Argus has launched price assessments for the PET tray-to-tray recycling sector, in response to growing demand for transparency to support the developing market. This blog outlines Argus’ plans and answers some common questions about the tray recycling market.
What are the challenges of tray-to-tray recycling?
Recycling PET trays presents a number of different challenges to those in the well-established PET bottle recycling sector.
Collection rates for tray packaging — in the absence of deposit return schemes — are much lower than for bottles in Europe and there is a lack of standardisation in collection and sorting across Europe. Currently, PET trays are mostly collected with the co-mingled recyclables and separated at sorting centres. Because of tray bales’ higher contaminant levels, and because trays tend to have a greater variety of packaging types — ranging from mono/multi materials to differing colours, lids and labels — more extensive washing and processing is necessary. Combined with greater generation of fines during the recycling process — because of trays’ brittleness — yields from tray bales are much lower than from bottle bales, particularly without specialised recycling equipment.
Plastics Recyclers Europe estimates that almost 60pc of trays placed on the market are multilayer, with more mono-layer trays in northern Europe and more multi-layer usage in southern Europe. But many material recovery facilities are yet to update sorting technologies to sort between mono and multilayer trays because of the installation costs. More investment in infrastructure is needed to grow the tray recycling market.
Why is tray-to-tray recycling important?
The EU’s Packaging and Packaging Waste Regulation (PPWR) sets recycled content targets of 30pc for contact-sensitive PET packaging and 35pc for non-contact sensitive packaging by 2030, rising to 50pc and 65pc, respectively, by 2040. And with recycled content requirements already in place for PET beverage bottles (and set to increase in 2030 and 2040), availability of rPET is likely to be limited.
PPWR recycled content requirements |
||
Packaging type |
2030 |
2040 |
Single-use plastic beverage bottles |
30% |
65% |
PET contact-sensitive packaging |
30% |
50% |
Non-PET contact-sensitive packaging |
10% |
50% |
Other packaging |
35% |
65% |
This gives the industry an incentive to close the loop and ensure a solid supply of recycled PET from trays which — owing to its lower intrinsic viscosity, making it less suitable for bottle production — will not bring tray manufacturers into direct competition for material with the beverage bottle industry. But the industry will need to grow. Current estimates from the recent PET Thermoforms conference in Dijon were that only around 30pc of the 1mn t or so of PET trays placed on the EU market are collected for recycling. This, combined with an average recycling yield of 50pc, suggests that tray-to-tray recycling is only enough to reach 15pc recycled content in a closed-loop system.
What solutions are emerging?
Several mechanical recyclers are investing in new and improved technologies for better tray-to-tray recycling. Chemical recycling is also seen as a potential solution for difficult-to-recycle trays.
For the recycling of coloured, multilayer and more contaminated trays, chemical recycling could advance the market significantly in the coming years. Through the process of depolymerisation (also known as solvolysis), PET trays can be broken down into molecular building blocks called monomers. Depolymerisation includes methanolysis, glycolysis and hydrolysis technologies that each use particular catalysts to produce monomers. These monomers can then be used at different steps in the production of repolymerised PET.
A small number of depolymerisation projects in Europe are in the pipeline for the coming years. But many are at limited capacity and would need to scale up to industrial operations, and they also face challenges from a difficult economic environment.
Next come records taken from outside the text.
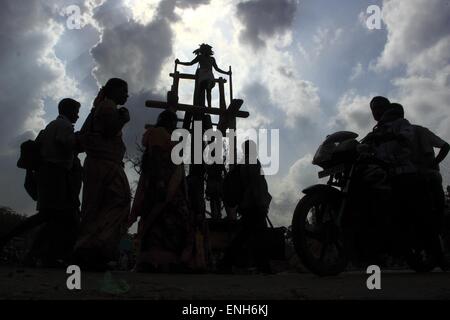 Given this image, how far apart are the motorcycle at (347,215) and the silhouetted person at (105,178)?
179 centimetres

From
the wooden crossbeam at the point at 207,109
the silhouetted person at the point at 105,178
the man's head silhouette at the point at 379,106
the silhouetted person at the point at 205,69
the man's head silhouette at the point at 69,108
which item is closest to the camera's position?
the silhouetted person at the point at 105,178

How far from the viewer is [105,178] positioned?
4730 mm

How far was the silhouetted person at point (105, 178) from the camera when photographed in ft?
14.9

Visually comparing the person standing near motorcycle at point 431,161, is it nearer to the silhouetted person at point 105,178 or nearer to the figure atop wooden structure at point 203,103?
the silhouetted person at point 105,178

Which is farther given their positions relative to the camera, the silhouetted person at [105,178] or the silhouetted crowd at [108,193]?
the silhouetted crowd at [108,193]

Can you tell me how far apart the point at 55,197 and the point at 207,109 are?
608cm

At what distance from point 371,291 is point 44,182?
3.69 meters

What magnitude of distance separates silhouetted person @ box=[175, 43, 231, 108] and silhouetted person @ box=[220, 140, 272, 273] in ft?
17.1

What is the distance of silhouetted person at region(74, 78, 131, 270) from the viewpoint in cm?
455

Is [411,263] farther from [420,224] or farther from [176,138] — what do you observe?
[176,138]

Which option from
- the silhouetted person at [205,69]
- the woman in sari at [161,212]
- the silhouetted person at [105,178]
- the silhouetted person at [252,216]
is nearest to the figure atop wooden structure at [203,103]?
the silhouetted person at [205,69]

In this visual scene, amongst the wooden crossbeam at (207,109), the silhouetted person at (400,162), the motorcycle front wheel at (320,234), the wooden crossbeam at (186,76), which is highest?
the wooden crossbeam at (186,76)

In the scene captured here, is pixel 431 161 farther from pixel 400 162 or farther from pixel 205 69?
pixel 205 69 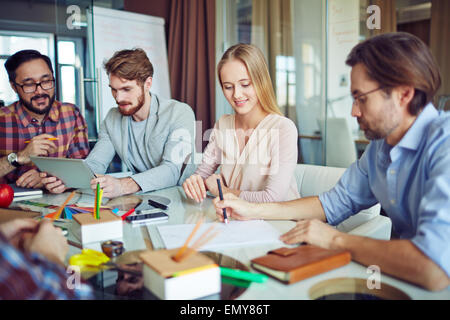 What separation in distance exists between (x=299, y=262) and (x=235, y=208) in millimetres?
442

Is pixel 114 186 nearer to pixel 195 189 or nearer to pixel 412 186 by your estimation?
pixel 195 189

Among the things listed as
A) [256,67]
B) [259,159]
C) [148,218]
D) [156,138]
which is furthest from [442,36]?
[148,218]

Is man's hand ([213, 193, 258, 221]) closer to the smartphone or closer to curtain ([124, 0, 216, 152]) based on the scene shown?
the smartphone

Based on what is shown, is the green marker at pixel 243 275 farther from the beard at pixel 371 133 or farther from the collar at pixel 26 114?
the collar at pixel 26 114

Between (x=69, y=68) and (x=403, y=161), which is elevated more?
(x=69, y=68)

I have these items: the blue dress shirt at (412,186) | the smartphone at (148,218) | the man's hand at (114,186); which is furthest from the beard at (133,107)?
the blue dress shirt at (412,186)

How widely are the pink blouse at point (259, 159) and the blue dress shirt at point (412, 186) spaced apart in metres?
0.27

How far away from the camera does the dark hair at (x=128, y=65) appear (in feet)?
6.78

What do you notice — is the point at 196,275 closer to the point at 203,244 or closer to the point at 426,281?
the point at 203,244

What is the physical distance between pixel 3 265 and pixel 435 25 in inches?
143

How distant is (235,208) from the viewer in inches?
48.8

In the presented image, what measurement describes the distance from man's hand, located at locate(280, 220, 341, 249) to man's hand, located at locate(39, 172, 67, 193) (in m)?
1.07

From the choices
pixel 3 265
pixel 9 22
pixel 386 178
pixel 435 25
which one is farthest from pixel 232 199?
pixel 9 22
While chemical recycling is a solution for more contaminated or hard-to-recycle waste, the quality of the input waste still determines yield and quality of output. Therefore, chemical recyclers also still need to consider better collection and sorting activity if they are to maximise output.
How can independent pricing help?
Market participants’ feedback to Argus indicated that tray-to-tray pricing was needed to bring more transparency to the market, particularly given the need for investment ahead of upcoming legislative changes. Currently, it is common for tray bale and flake pricing to be linked to bottle bale pricing, but many market participants see a need for dedicated tray pricing, to represent the tray market’s particular challenges and supply-demand dynamics as it continues to evolve and grow.
Liquidity in the tray market has increased in recent months and years, with a growing number of modern sorting lines now equipped to supply sorted tray bales to recyclers getting involved in the market. As such, we now believe that this is the right time to provide price information specific to the market, to help participants with short and long-term strategy decisions.
What will Argus offer?
Argus currently offers excellent in-depth coverage of PET and rPET markets — globally and in Europe. For rPET, we cover food-grade pellets, bottle flake and bottle bales in all regions of Europe and elsewhere. We are launching new price assessments to extend this coverage to the PET tray recycling market in Europe. In the first instance, prices will be for clear post-consumer monolayer and multilayer tray bales, and clear hot-washed tray flakes, in €/t on a delivered western Europe basis. Prices for both series will appear in the Argus Recycled Polymers report in the last publication of each month. Further information will be available in the Argus Recycled Polymers Methodology, which is available via Argus’ website.